Graph-Theory Algorithms
A Graph is a non-linear data structure consisting of nodes and edges. The nodes are sometimes also referred to as vertices and the edges are lines or arcs that connect any two nodes in the graph. More formally a Graph can be defined as,
A Graph consists of a finite set of vertices(or nodes) and set of Edges which connect a pair of nodes.
Language : Java
References : GeeksForGeeks, Introduction to Programing CLRS
List of Algorithms
- BFS
- BFS COLORING
- DFS
- CONNECTED COMPONENTs DFS
- CYCLE DETECTION IN UNDIRECTED GRAPH DFS
- CYCLE DETECTION IN UNDIRECTED GRAPH BFS
- CYCLE DETECTION IN DIRECTED GRAPH
- TOPOLOGICAL SORT
- KAHN’S ALGORITHM FOR TOPOLOGICAL SORT
- KRUSKALS MST
- HAMILTONIAN PATH & CYCLE
- IS BIPARTITE GRAPH
Pseudocode
Bredth First Search (BFS)
let s<-Source node.
let G<-Graph
let Q<-queue
Q.enqueue s.
mark s as visited.
while Q is no empty
let currentVertex<-Q.dequeue.
for all neighbourVertex of currentVertex
if neighbourVertex is not visited
Q.enqueue neighbourVertex
mark neighbourVertex as visited
end of for loop.
end of while loop.
Bredth First Search using Coloring Method.
BFS(s, G)
s <- source vertex
G <- Graph
let Q <- queue
let color[] <- 1 WHITE
Q.enqueue s
color of s <- 2 GREY
while Q is not Empty
let currentVertex = Q.dequeue.
color of currentVertex <- BLACK
for all neighbour of currentVertex
if color of neighbour is WHITE
set color of neighbour <- GREY
Q.enqueue neighbour
end of for
end of while
Depth First Search (DFS)
DFS(s , G)
s <- source vertex
G <- Graph
let S <- stack
S.push s
set s as visited.
while S is not Empty
let currentVertex <- S.pop()
for all neighbour of currentVertex
if neighbour is not visited
set neighbour to visited
S.push(neighbour)
end of for
end of while
Connected Components
DFS(s , G , visited)
s <- source vertex
G <- Graph
visited <- boolean array
let S <- Stack
S.push(s)
set visited of s <- true
while S is not empty
let currentVertex <- S.pop()
for all neighbour of currentVertex
if neighbour is not visited
set visited of neighbour <- true
S.push(neighbour)
end of for
end of while
CC(s,G)
s <- source vertex
G <- Graph
let visited[] <- false (initially none vertex is visited.)
let count <- 0
for all vertex of G
if vetex is not visited
DFS(vertex ,G , visited)
incremrnt count
end of for
return count.
Hamiltonian Path
hamiltonianPath(src,graph,visited,count,res)
src <- source vertex
graph <- Graph
visited <- boolean Array
count <- count of edges covered so far
res <- String containing coverted vertex to print
append src to res
set src to visited
if count is equal to |V-1| then print res and return 1
set visited(src) <- true
for all neighbour of graph(src)
if neighbour is not visited
set neighbour to visited
count += hamiltonianPath(neighbour,graph,visited,count+1,res)
end of for
return count
isBipartite
[global variables]
WHITE = -1
RED = 0
GREEN = 1
isBipartite(s , G , colorMap)
s <- source vertex
G <- Graph
colorMap <- array contains color of each vertex
let Q <- Queue
use BFS put alternate color on earch level (RED/GREEN)
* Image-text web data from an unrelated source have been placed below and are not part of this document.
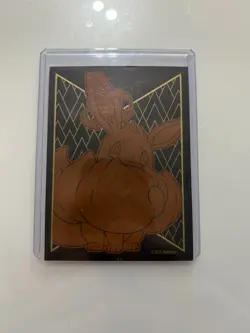 Raikou GX SM121 Black Star Promo Ultra Rare Pokemon Card NM - Image 2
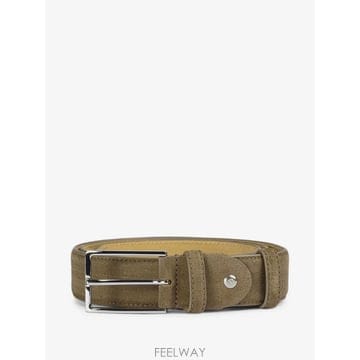 | Other Brand | 26 FW Doucals suede buckle fastening belt DC0001SIGMUF0099M026 FW Doucals suede buckle fastening belt DC0001SIGMUF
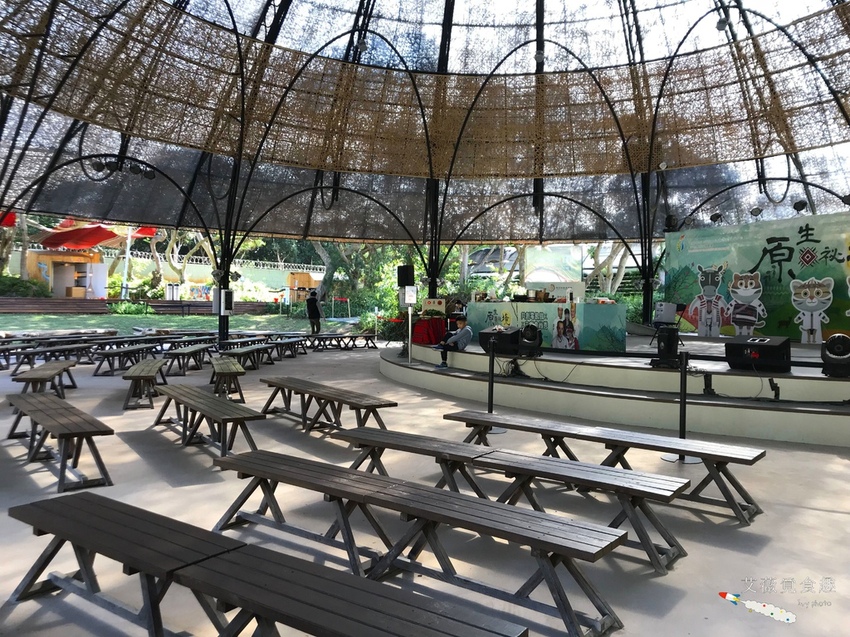 台中花博后里森林園區最強教戰攻略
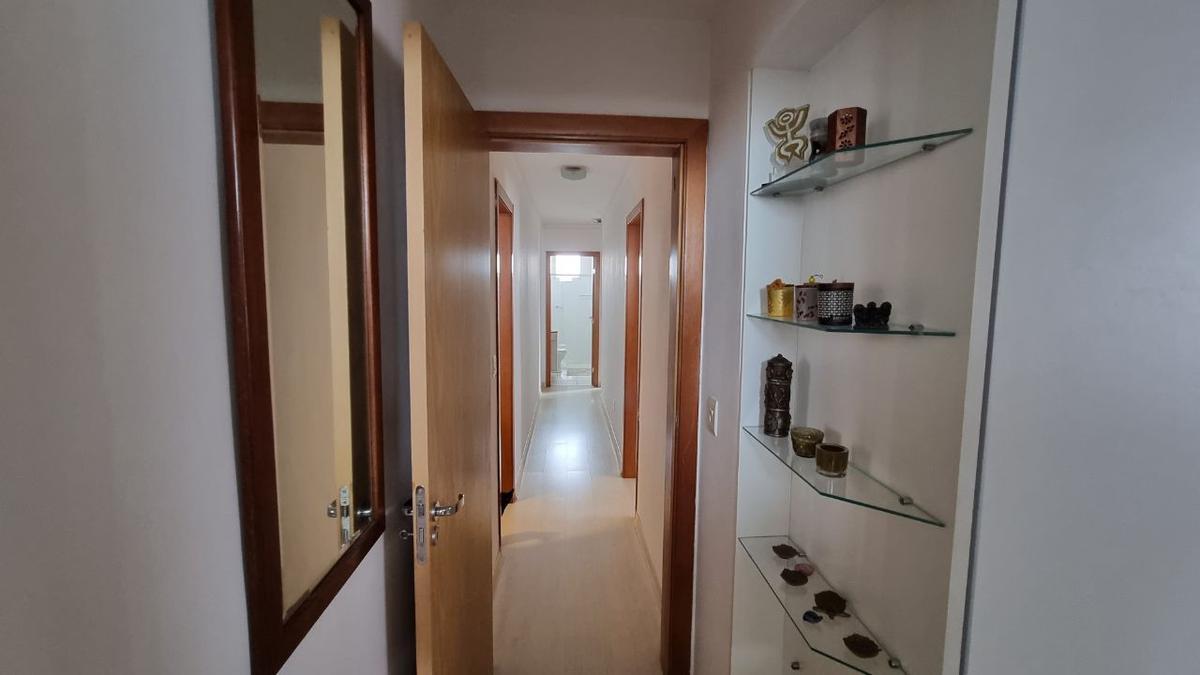 Apartamento, Vila Nova Vista, 4 Quartos, 2 Vagas, 1 Suíte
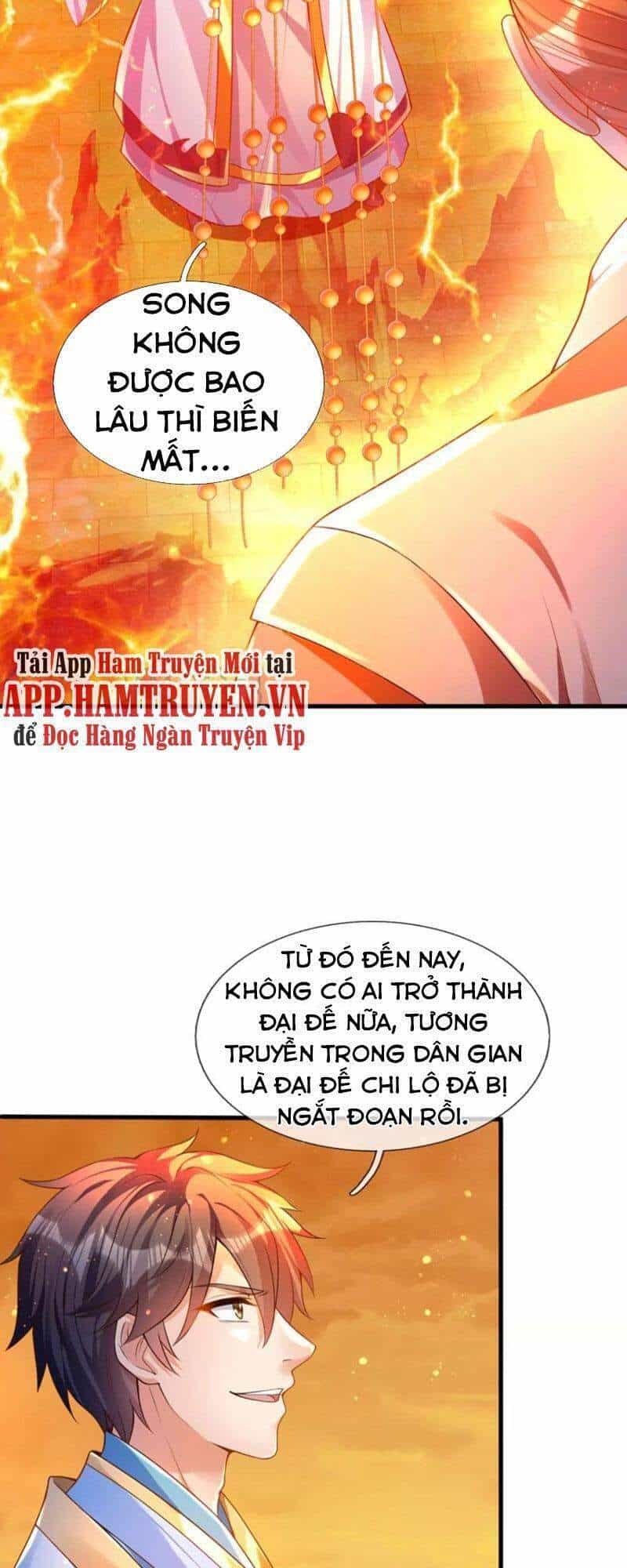 Bắt Đầu Với Chí Tôn Đan Điền - Chương 71 - ảnh 5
if a visited vertex comes again and have color which is not matching to the current level color
return false
Q.add(s)
let level <- 0
colorMap of s to GREEN
while Q is not Empty
let size <- size of Queue
while(size is greater then 0)
let currentVertex Q.dequeue()
for all neighbour of currentVertex
if neighbour color is WHITE
change color to level%2
else if neighbour color is not WHITE and it is not equal to level%2
return false;
end of for
increment level
end of while
end of while
return true
isBipartite(s,G)
let colorMap = array of color initially all color as WHITE
for all vertex of G
if color of vertex is WHITE
if isBipartite(vertex , G , colorMap) is false then return false
end of for
return true